The recently issued application depicts a set of headphones with air filters built into its ear cups. Diagrams shown in the application depicts a band that rests across the wearer’s mouth to supply them with clean air, which can then be folded away when not in use.
Dyson’s patent filing states that both the ear cups contain a motor which is connected to a fan-like propeller measuring 35-40mm. Each spin at around 12,000 rpm to draw in approximately 1.4 liters of air per second into the headphones that dust and bacteria cannot penetrate. This arrangement sounds like it could generate a fair bit of noise. At that speed, the motors are spinning at over 10 times that of a regular PC fan. In comparison, the tiny motors used in Dyson’s cordless vacuum cleaners rotates at around 120,000 RPM.

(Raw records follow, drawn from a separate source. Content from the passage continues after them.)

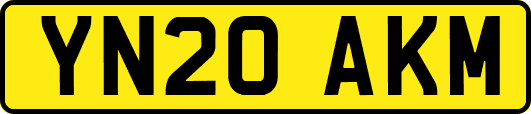 YN20AKM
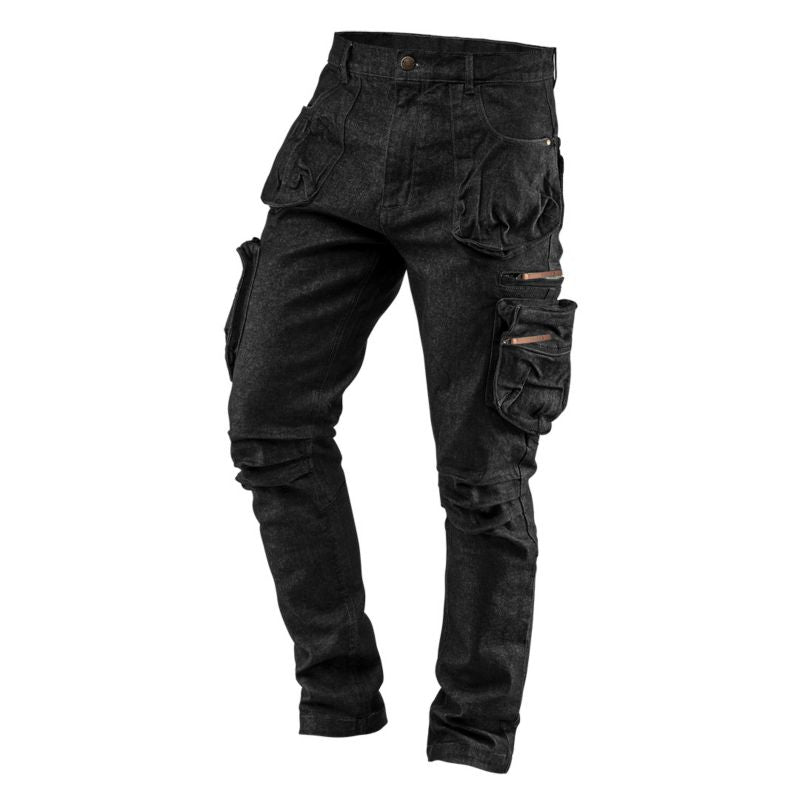 Unisex arbejdsbukser NEO TOOLS XXL sorte 1 stk.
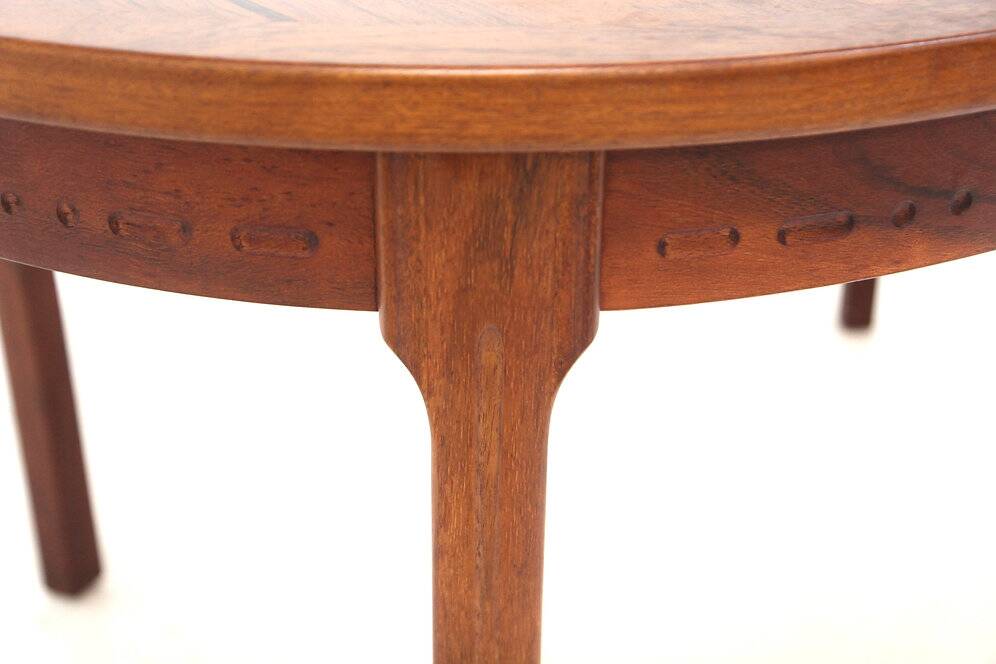 Table de salle à manger "Rimbo", Troeds, Bjärnum, Suède, 1960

Dyson already offers a broad range of air purifiers and vacuum cleaners for the home, but these certainly don’t offer much help when you’re out and about. Any attempt to grow in the headphone market would denote a leap for Dyson, pitting it against the likes of the more established companies – Bose and Sennheiser.
Ao Air, back at CES in January, announced the Atmos Faceware, a $350 device that the company states provides a better shield against particulate matter than a typical air filter mask and doesn’t require an airtight seal to be useful. The Atmos Facewhere also has a somewhat transparent design, which means it doesn’t entirely cover your face while you wear it. This indicates, Dyson isn’t the only company that’s looking at offering a wearable air purifier.
Of course, this is just a patent, so a commercially available device isn’t guaranteed. According to a Bloomberg report from 2018, Dyson has been working on its wearable air purifier for a while, so it seems like this could end up becoming a reality. Moreover, it does indicate the requirement for wearable air purification.
The company has also not hesitated about canceling projects, even when it has heavily invested in them. In 2018, Dyson abandoned its £2 billion plan to build electric cars, despite having turned a former airfield into a site to test its vehicles and begun plans to build a car factory in Singapore.